====== Source data

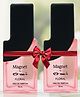 Ossa Magnet Floral Eau De Parfum For Women - 2 x 15 ml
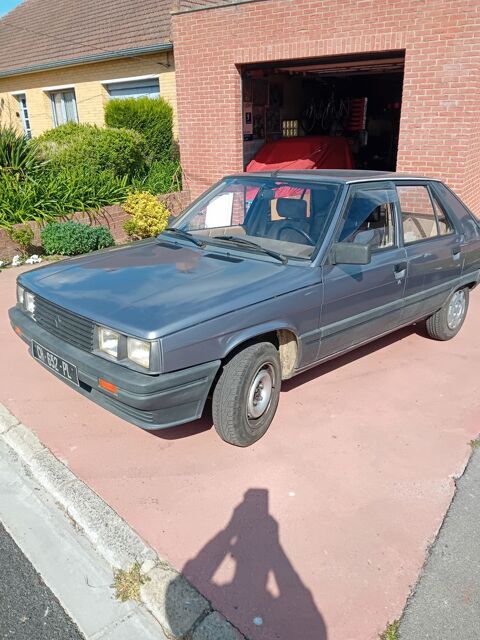 Renault R11 11 GTD 1986 occasion Saint-Sylvestre-Cappel 59114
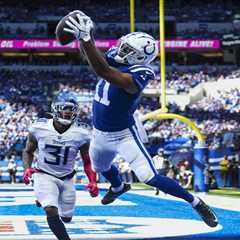 Michael Pittman reveals wife’s ‘crazy’ Steelers foresight before Colts trade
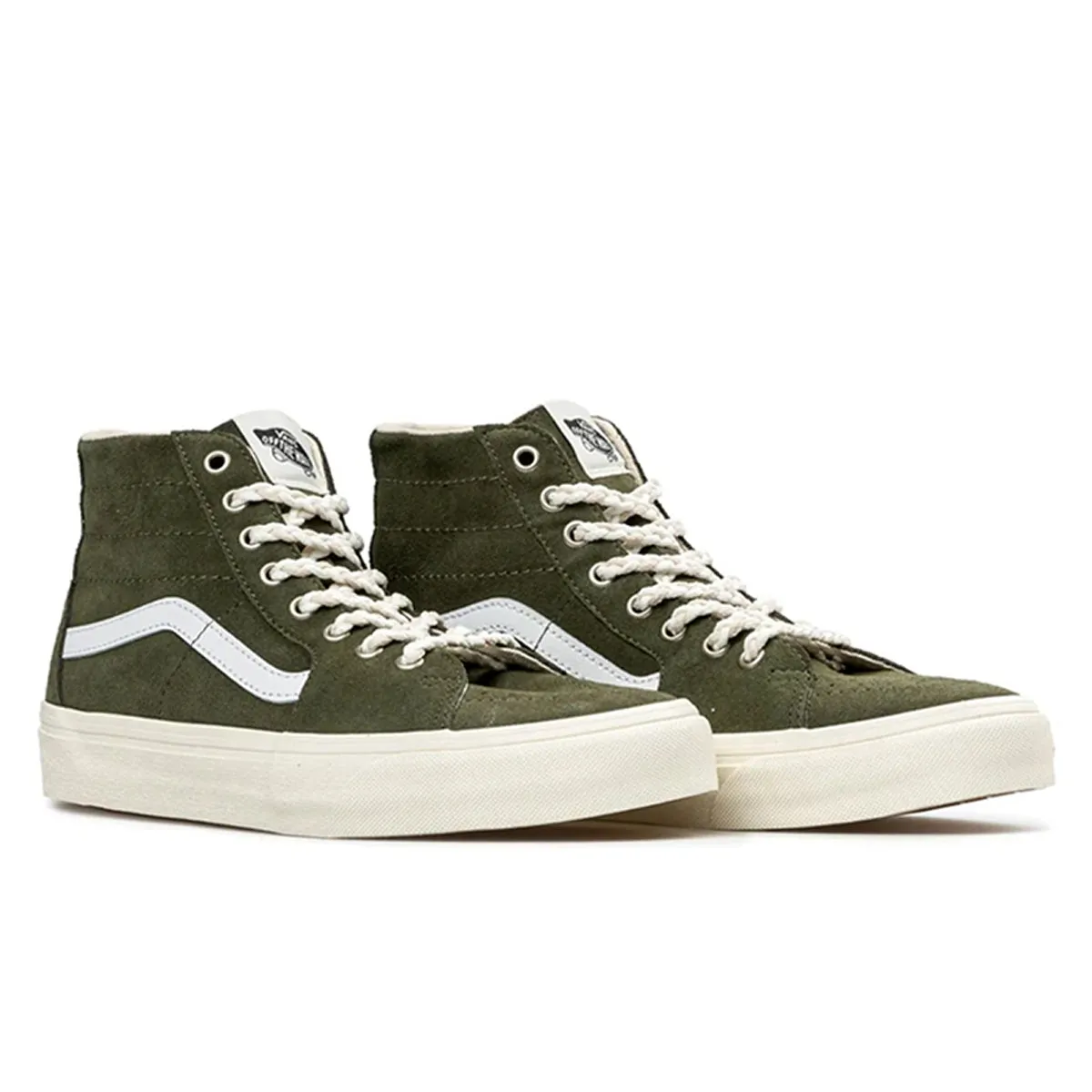 Vans Braided Lace SK8-Hi Tapered VR3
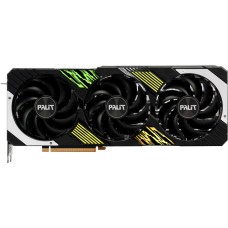 Видеокарта Palit RTX 4070 Ti SUPER GAMINGPRO OC 16GB (NED47TSH19T2-1043A)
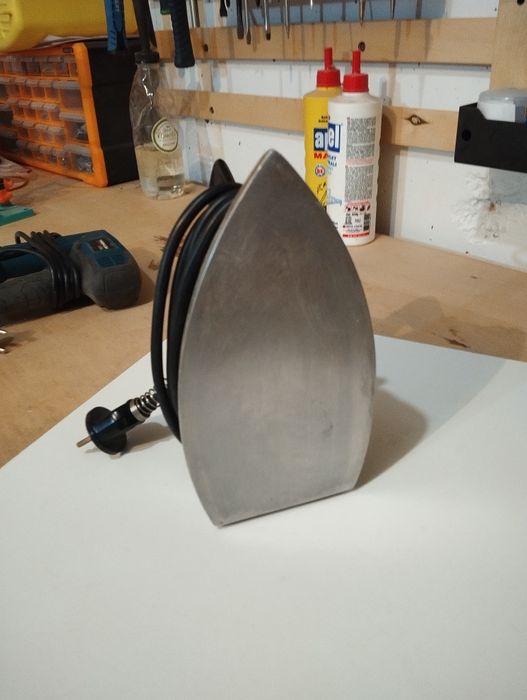 советский утюг, ссср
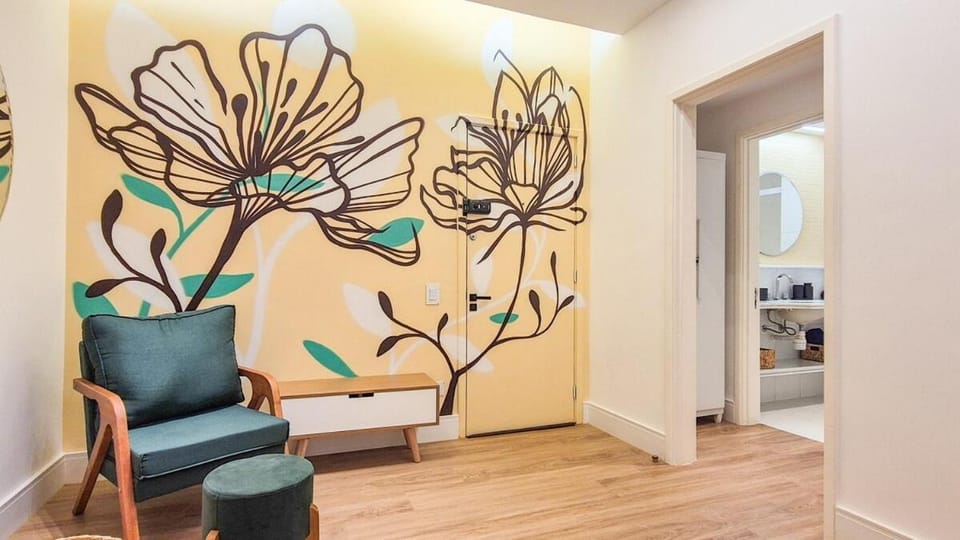 A Casa de Isabel Apartment in Rio de Janeiro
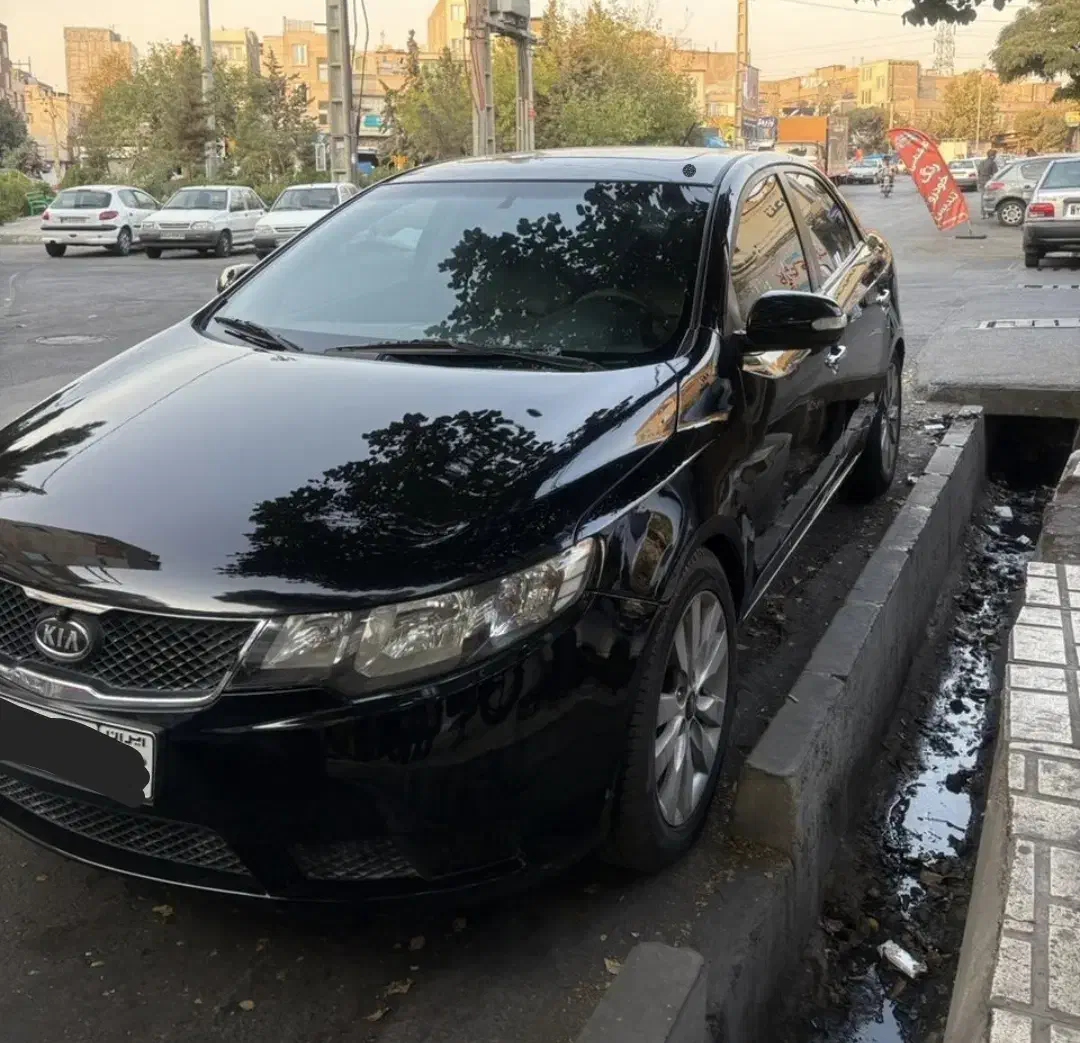 فروش اقساطی * کیا سراتو مدل ۲۰۱۰|خودرو سواری و وانت|تهران, دبستان|دیوار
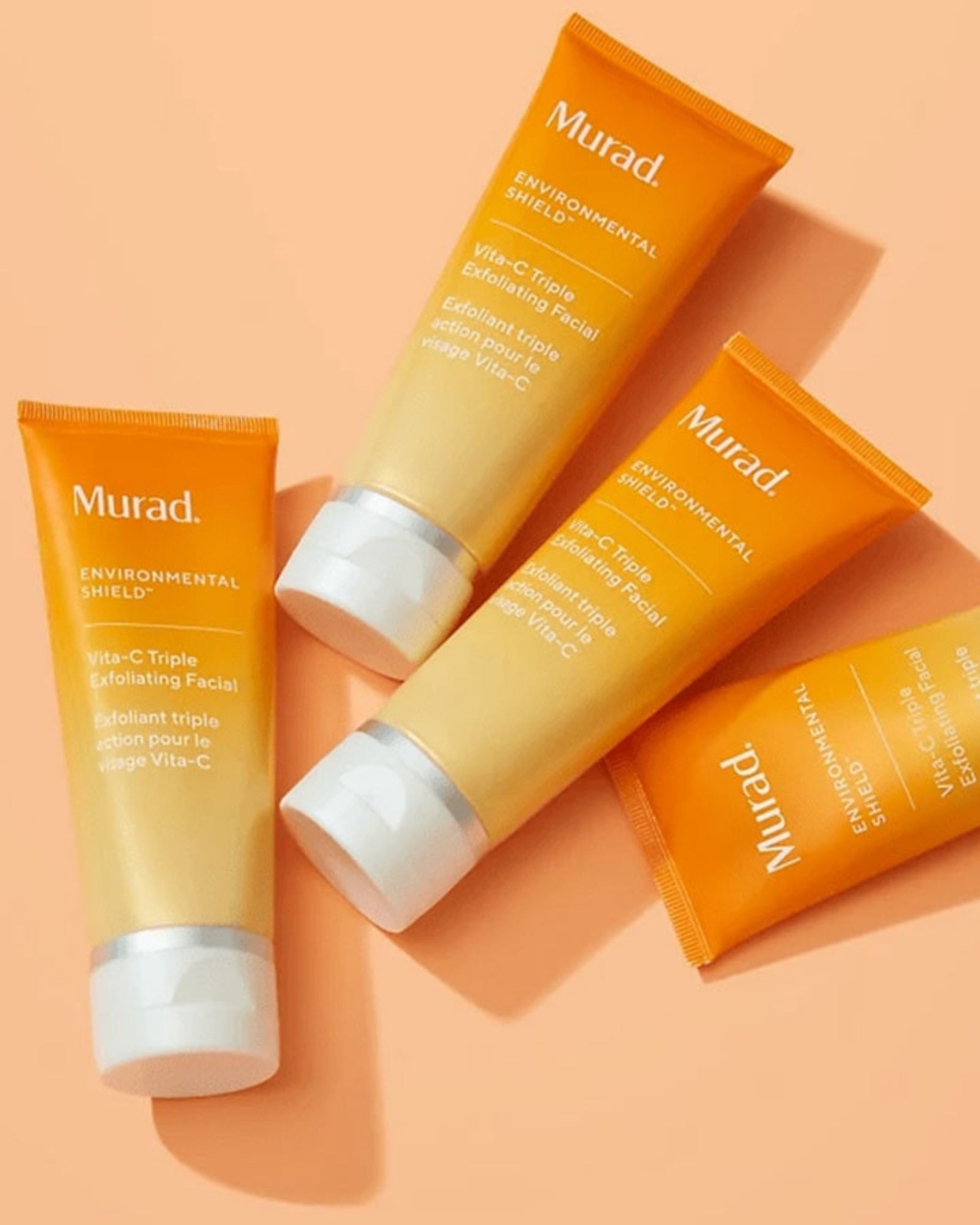 Vita-C Triple Exfoliating Facial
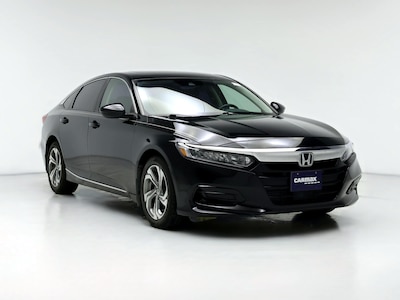 2018 Honda Accord EX-L -
                Mckinney, TX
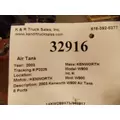 KENWORTH W900 Air Tank thumbnail 4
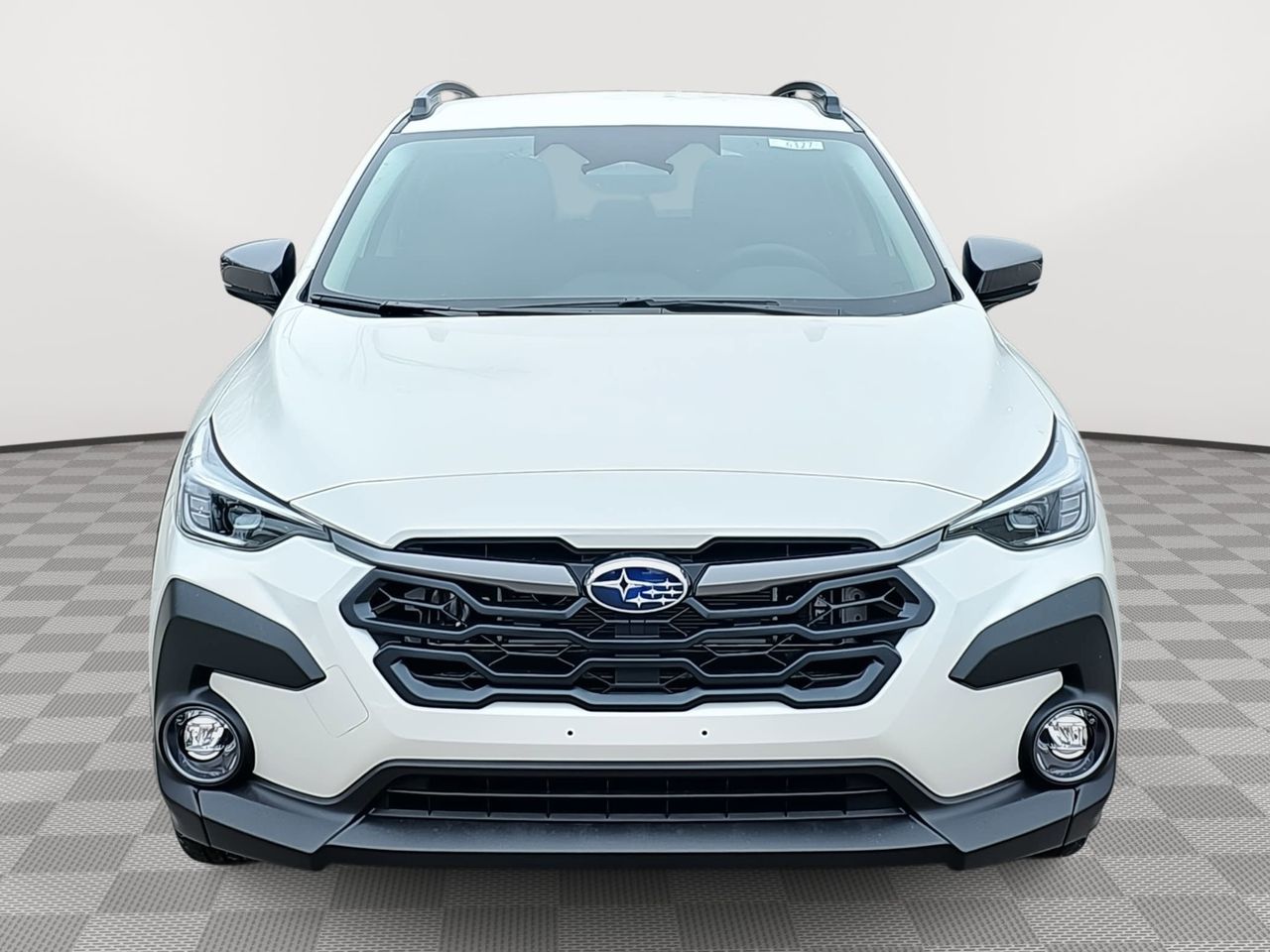 New 2026 Crystal White Pearl Subaru Limited Hybrid image 2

============

**Your assignment:** Repeat the line containing "KENWORTH W900 Air Tank thumbnail 4" and every line after it up to the end of the material above, exactly as they stand, minus the pictures.

**Answer to this exercise:**
 KENWORTH W900 Air Tank thumbnail 4
 New 2026 Crystal White Pearl Subaru Limited Hybrid image 2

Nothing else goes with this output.